How to complete this task ->
Return exactly the span of lines in the following data that opens with the line containing "Moses said the" and closes with the line containing "Hello everyone, thanks". Include nothing else.

Stored data:
-.-.-

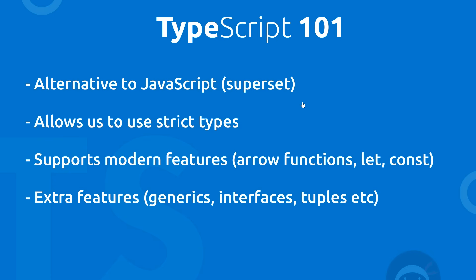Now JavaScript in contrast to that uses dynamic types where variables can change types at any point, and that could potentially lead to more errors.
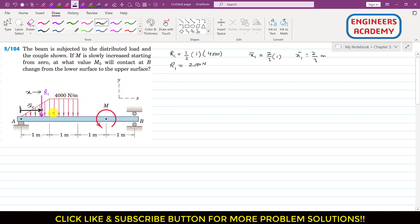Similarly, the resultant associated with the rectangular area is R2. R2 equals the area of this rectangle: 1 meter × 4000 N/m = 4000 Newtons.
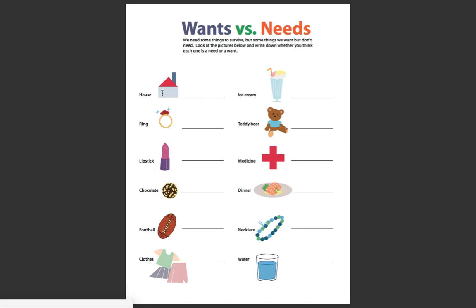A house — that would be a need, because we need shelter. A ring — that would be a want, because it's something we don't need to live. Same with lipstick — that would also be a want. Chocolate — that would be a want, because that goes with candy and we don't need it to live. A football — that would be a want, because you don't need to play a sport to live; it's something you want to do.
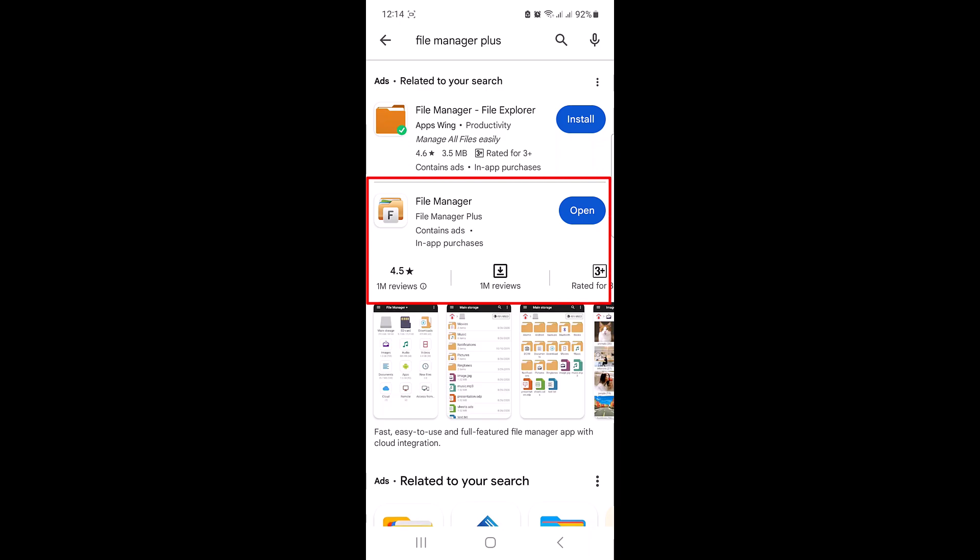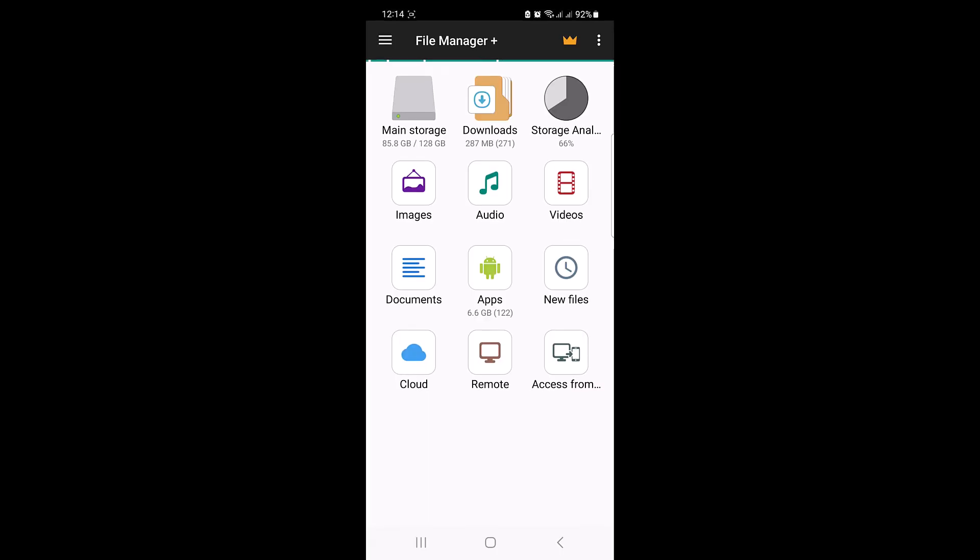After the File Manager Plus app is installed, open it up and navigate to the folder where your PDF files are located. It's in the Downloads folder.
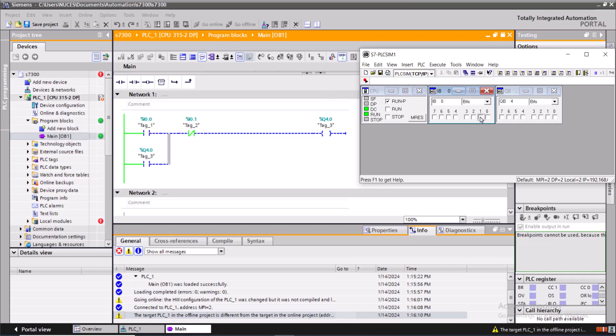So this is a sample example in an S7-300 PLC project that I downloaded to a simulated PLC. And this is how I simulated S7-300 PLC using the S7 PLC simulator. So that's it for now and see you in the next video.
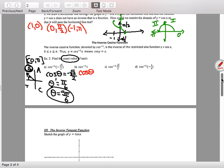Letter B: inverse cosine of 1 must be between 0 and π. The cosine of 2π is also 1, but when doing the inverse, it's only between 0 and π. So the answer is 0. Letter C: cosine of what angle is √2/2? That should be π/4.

-.-.-

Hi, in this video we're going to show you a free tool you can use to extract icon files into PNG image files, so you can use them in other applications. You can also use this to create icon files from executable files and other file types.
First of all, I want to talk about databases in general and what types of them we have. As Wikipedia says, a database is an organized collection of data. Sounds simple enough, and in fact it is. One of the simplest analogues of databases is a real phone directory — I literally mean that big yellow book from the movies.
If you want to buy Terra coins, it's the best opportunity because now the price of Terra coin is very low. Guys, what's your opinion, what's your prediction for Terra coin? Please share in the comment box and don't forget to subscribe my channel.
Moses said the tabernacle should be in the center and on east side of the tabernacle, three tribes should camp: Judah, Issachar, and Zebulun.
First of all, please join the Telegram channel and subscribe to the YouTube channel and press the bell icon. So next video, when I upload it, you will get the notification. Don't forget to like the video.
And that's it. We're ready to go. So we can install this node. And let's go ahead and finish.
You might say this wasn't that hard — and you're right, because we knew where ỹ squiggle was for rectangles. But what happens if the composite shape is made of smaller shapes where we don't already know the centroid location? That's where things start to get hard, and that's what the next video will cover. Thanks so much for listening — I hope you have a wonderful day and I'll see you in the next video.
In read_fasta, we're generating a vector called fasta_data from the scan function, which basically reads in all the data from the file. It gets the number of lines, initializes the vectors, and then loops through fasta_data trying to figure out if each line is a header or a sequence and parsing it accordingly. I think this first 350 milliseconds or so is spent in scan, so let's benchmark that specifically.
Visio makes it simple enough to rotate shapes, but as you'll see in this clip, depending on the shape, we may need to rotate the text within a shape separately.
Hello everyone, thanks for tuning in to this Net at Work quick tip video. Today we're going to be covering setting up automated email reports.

-.-.-

Answer to the exercise ->
Moses said the tabernacle should be in the center and on east side of the tabernacle, three tribes should camp: Judah, Issachar, and Zebulun.
First of all, please join the Telegram channel and subscribe to the YouTube channel and press the bell icon. So next video, when I upload it, you will get the notification. Don't forget to like the video.
And that's it. We're ready to go. So we can install this node. And let's go ahead and finish.
You might say this wasn't that hard — and you're right, because we knew where ỹ squiggle was for rectangles. But what happens if the composite shape is made of smaller shapes where we don't already know the centroid location? That's where things start to get hard, and that's what the next video will cover. Thanks so much for listening — I hope you have a wonderful day and I'll see you in the next video.
In read_fasta, we're generating a vector called fasta_data from the scan function, which basically reads in all the data from the file. It gets the number of lines, initializes the vectors, and then loops through fasta_data trying to figure out if each line is a header or a sequence and parsing it accordingly. I think this first 350 milliseconds or so is spent in scan, so let's benchmark that specifically.
Visio makes it simple enough to rotate shapes, but as you'll see in this clip, depending on the shape, we may need to rotate the text within a shape separately.
Hello everyone, thanks for tuning in to this Net at Work quick tip video. Today we're going to be covering setting up automated email reports.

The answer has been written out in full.